What this task involves: Lines before the one containing "Haïti 2025:  bilan" are not wanted; restate the rest below word for word, through the last line, but drop any pictures.
···
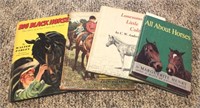 HORSE BOOKS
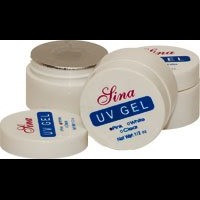 Гель Sina UV Gel-прозрачный 1/2oz/14г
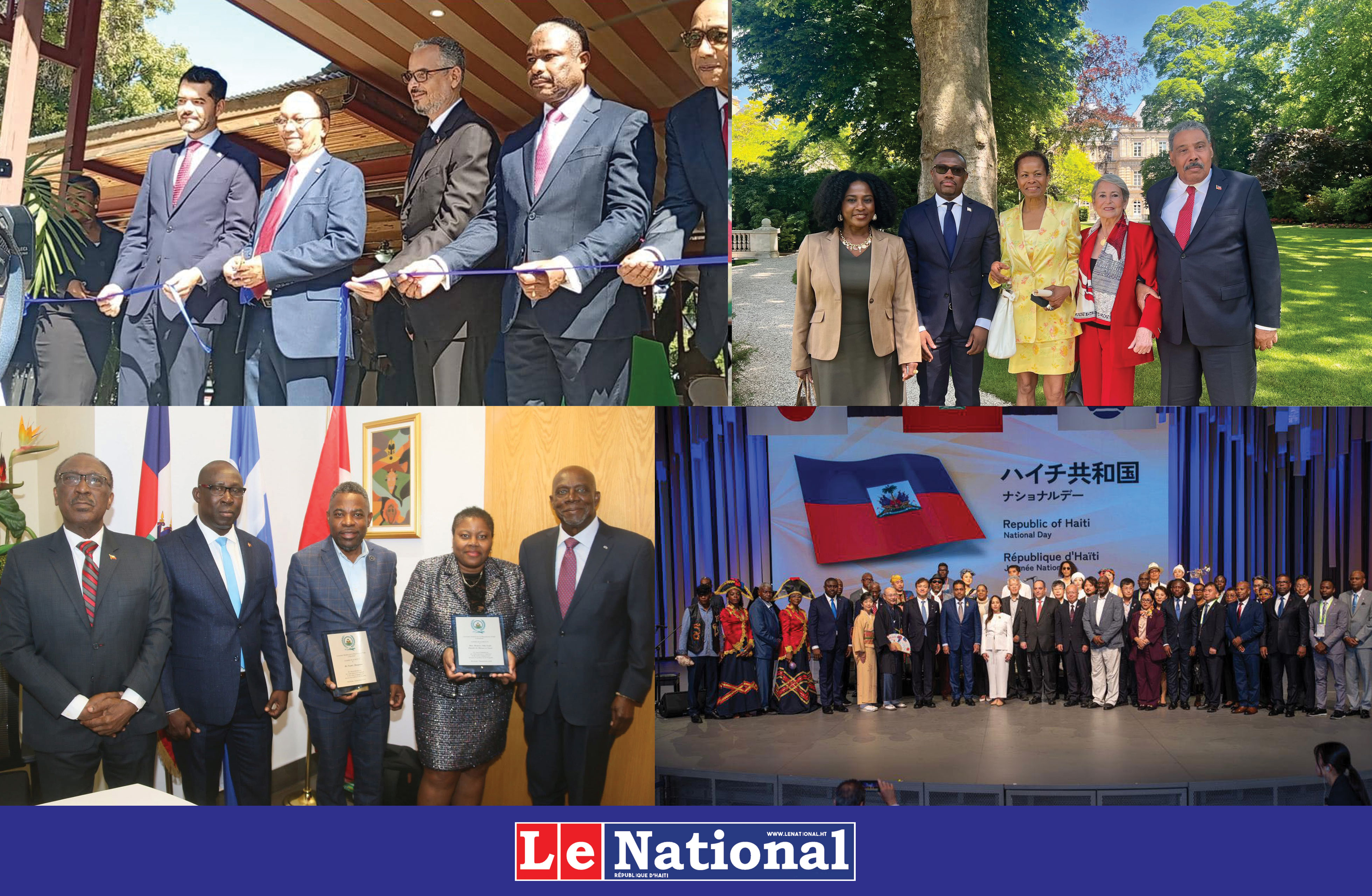 Haïti 2025:  bilan de l'année de la diplomatie culturelle 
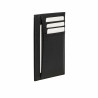 Portcard 206g biz negru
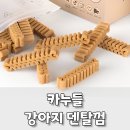 스마트덴탈 | 강아지 덴탈껌 효과, 카누들 개껌을 추천하는 이유와 후기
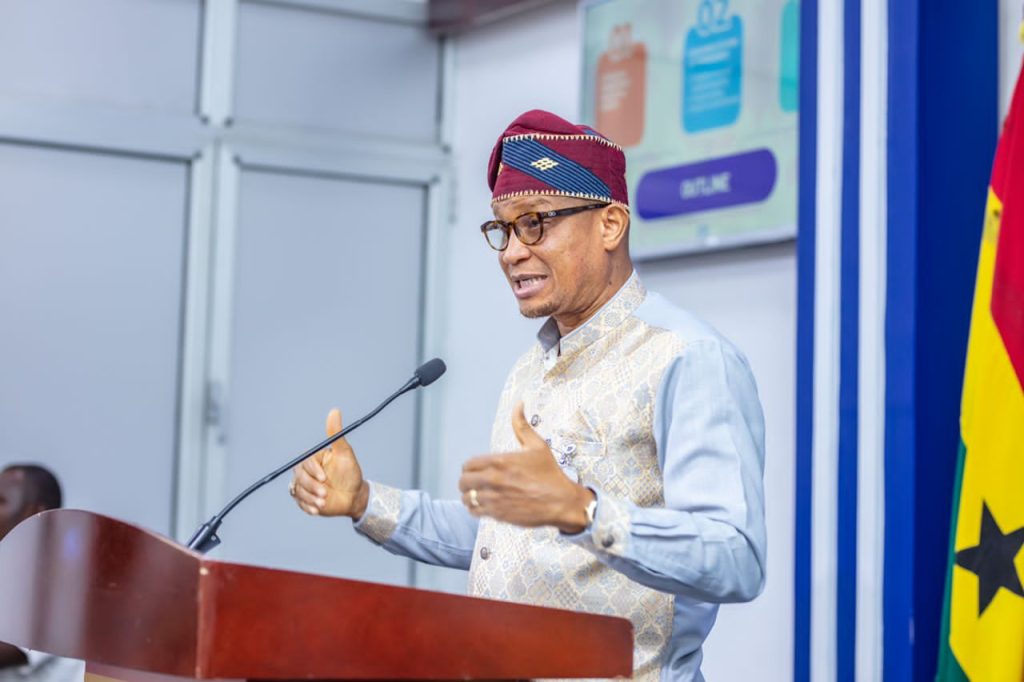 Only OMCs with not less than 45 outlets will receive G4O Products – NPA Boss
···
Solution to this exercise:
 Haïti 2025:  bilan de l'année de la diplomatie culturelle 
 Portcard 206g biz negru
 스마트덴탈 | 강아지 덴탈껌 효과, 카누들 개껌을 추천하는 이유와 후기
 Only OMCs with not less than 45 outlets will receive G4O Products – NPA Boss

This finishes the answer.